Door Marc van Oostendorp
Hoe noem je woorden die je maar een paar keer op Google tegenkomt – vaker dan eens (want dan zijn het typefouten), maar minder dan een keer of tien? Het zijn woorden die kennelijk af en toe nodig zijn, en dan spontaan gemaakt kunnen worden.
Troostkleren is zo’n woord. Ik vind het 9 keer bij Google, waarvan 2 keer in recensies van de bundel Archaïsch de dieren van Hester Knibbe. De andere 7 keer gaat het om erbarmelijk geschreven zelfhulpboeken (“Door te stoppen met het grijpen naar deze begeerte, maakt ze de ’troostkleren’ tot ornament van haar werkelijkheidsveld”) en chicklit (“‘Kom maar binnen, als je het niet erg vindt dat ik mijn troostkleren aantrek’, zei ze.”)
Het was lange tijd kortom een woord voor een enkeling die zich wat onbeholpen uitdrukte. Maar sinds dit jaar is het ook een woord uit de Nederlandse poëzie:
Wanneer ik mij traag
in troostkleren nestel, droom
noch gedachterag witwas, verstrooid
de vrolijke zooi aan kleurval
bijeenhark onder steeds kaler hout
en opslag en een telkens ongenadiger hemel
gaat het vanzelf bezwerend zingen
de kat die voorbijschiet is grijs
donkergrijs maar niet zwart. In huis
al de afgevlogen vlinder, vuurmijt, kastanjes
vogelzaadtijd, dampende bloedworst in de terrine
en wildhandel Treuren ververst zijn vitrine.
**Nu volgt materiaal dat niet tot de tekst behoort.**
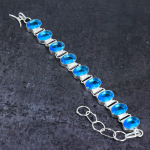 Natural Swiss Blue Topaz Gemstone 925 Sterling Silver Bracelet 7-8 t7v35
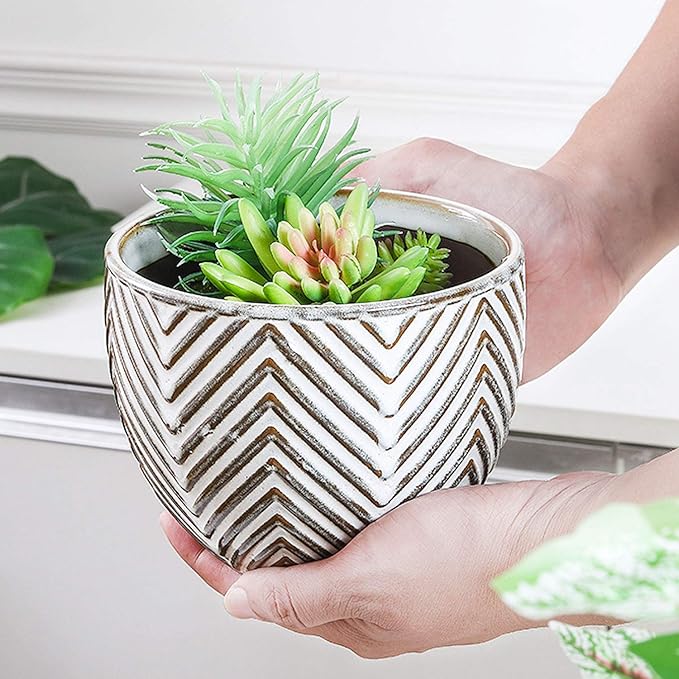 VanEnjoy 5.5 inch Large Round Bohemian Style Ceramic Planter, Geometry Engrave Off White Brown Succulent Planter Flower Pot, Indoor Outdoor Decorative Planter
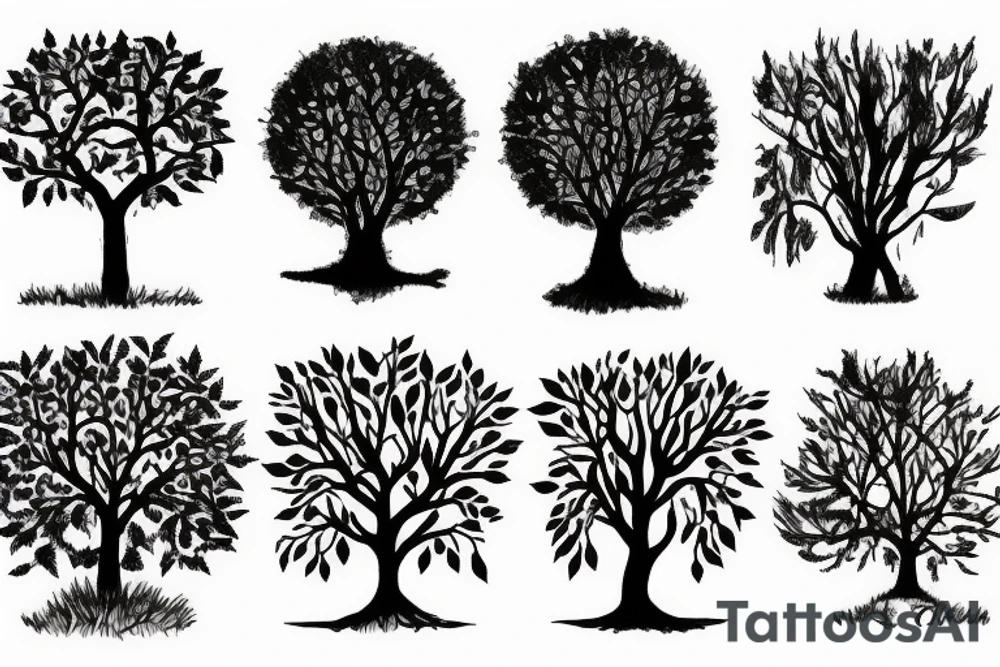 trees with WLD lettering tattoo idea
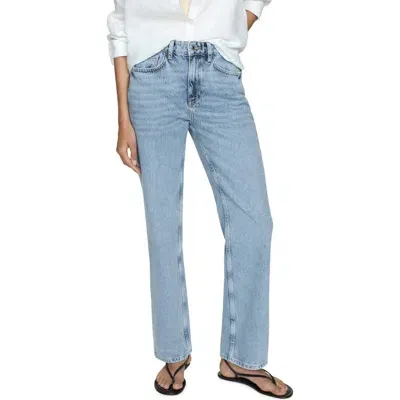 Mango Straight Leg Jeans In Medium Blue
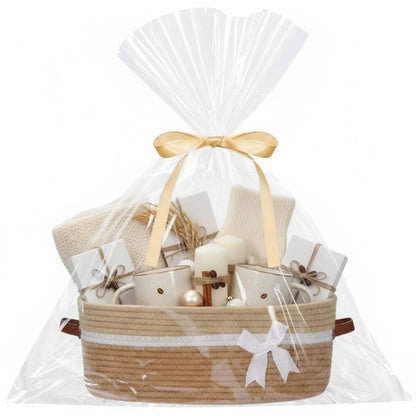 Colingmill 2026 Graduation Large Woven Basket for Gifts Empty Set with Gift Bags and Ribbon Gift Baskets and Wrapping Set Storage 14"x 10"x 5.5" Decorative Box for Class of 2026 Graduation(Yellow)
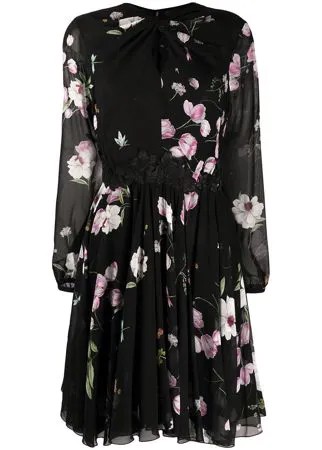 Giambattista Valli полупрозрачное платье с цветочным принтом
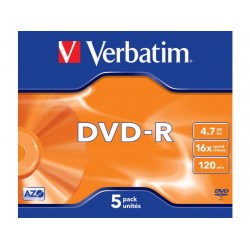 DVD-R Verbatim 4.7GB X16 Matt Silver 5 Jewel Case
De chicklit en het zelfhulpboek geven verschillende betekenissen aan troostkleren: kleren die troost geven doordat ze lekker zitten en je je daardoor prettiger voelt – het mode-equivalent van troosteten – of kleren die je een prettig gevoel geven wanneer je ze koopt (troostkopen komt trouwens ook zo’n duizend keer voor). Knibbe kiest duidelijk voor de eerste betekenis: hier is niet meer iemand aan het woord die zich te buiten gaat aan haar creditcard, hier is iemand voor wie het er allemaal bijna opzit en die hoogstens nog wat geld aan bloedworst uitgeeft.
Het woord troostkleed komt trouwens ook nog zo’n 900 keer voor; er worden zelfs in Zandvoort cursussen gegeven om die te maken. Het betreft hier een soort spreien die gemaakt zijn van stukjes kleding van een overleden persoon. Misschien is troostkleren voor Knibbe wel het meervoud van troostkleed, en heeft de spreekster in dit gedicht zoveel overleden dierbaren dat ze zich in hun spreien kan nestelen.
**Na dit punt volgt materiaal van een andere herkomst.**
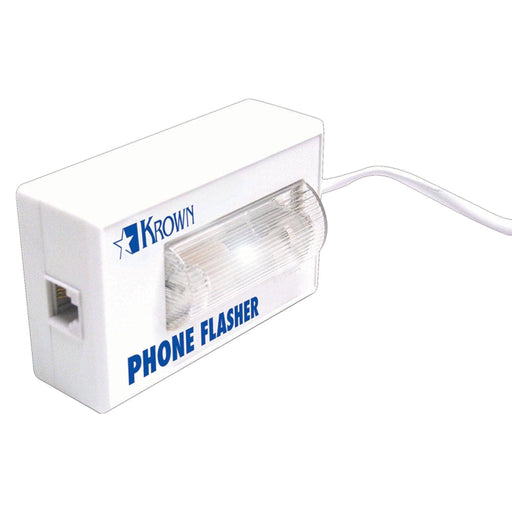 Krown Phone Strobe Flasher KM-PSF.  White rectangular device with a dome shaped strobe light in the middle and a phone jack at one end. 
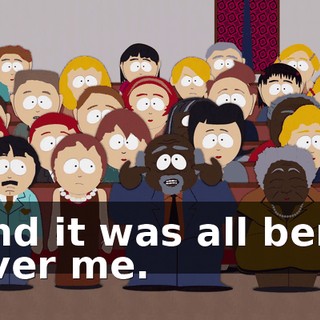 and it was all bent over me.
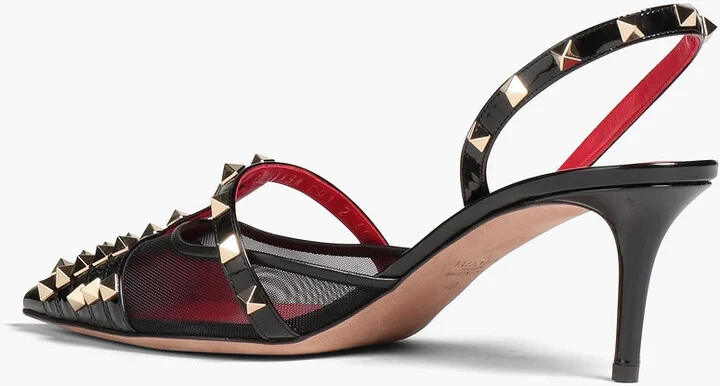 Rockstud Alcove mesh and patent-leather slingback pumps - Image 3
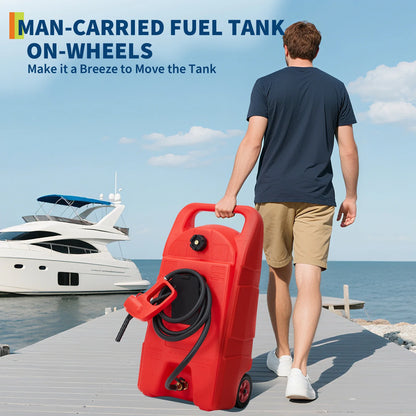 Heavy-Duty 15 Gallon Portable Fuel Caddy – Manual Siphon Pump & 10FT Delivery Hose – On-Wheels Gas & Heavy-duty Transfer Tank – Ideal Tool Storage for Cars, Lawn Mowers, Boats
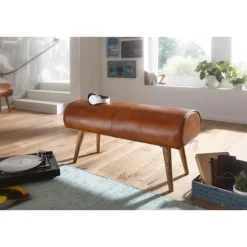 Rootz bænk ægte læder - massivt træ bænk 100x53x40 cm - 2-personers polstret bænk hall springbok brun - Lille læder sengebænk Hall møbler hall bænk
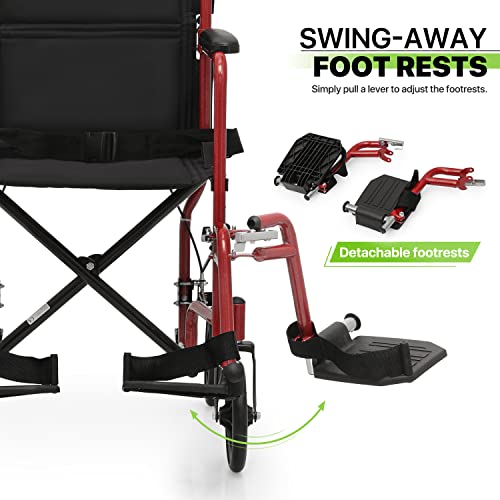 16 inch Wide Seat Foldable Lightweight Wheelchair L824067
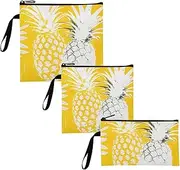 Pineapple Safari Silhouette Yellow 3 pack Reusable Travel Snack Bags Waterproof Food Storage for Camp Friends and Gear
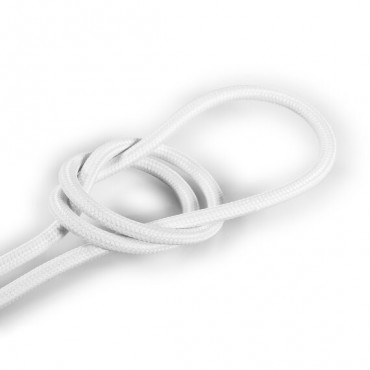 Fil électrique tissu câble rond 2x0.75 mm² Fil Électrique Tissu Blanc 2x0,75mm² - Câble Électrique Textile de Qualité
Het gedicht is zelf trouwens ook een beetje een troostkleed – een lappendeken van mooie, herfstige veel aan elkaar genaaide herinneringen aan dingen die dood zijn, of bijna dood –van de bomen gevallen kleurige bladeren, een afgevlogen vlinder, en natuurlijk bloedworst van de, in Rotterdam heel bekende, firma Treuren. Het biedt het soort melancholie waardoor je je prettiger gaat voelen – en zit daarom als troostkleren.
In de poëzieweek schrijf ik vijf columns over taal in het afgelopen jaar verschenen bundels. Deze reeks verschijnt ook op de website van Onze Taal.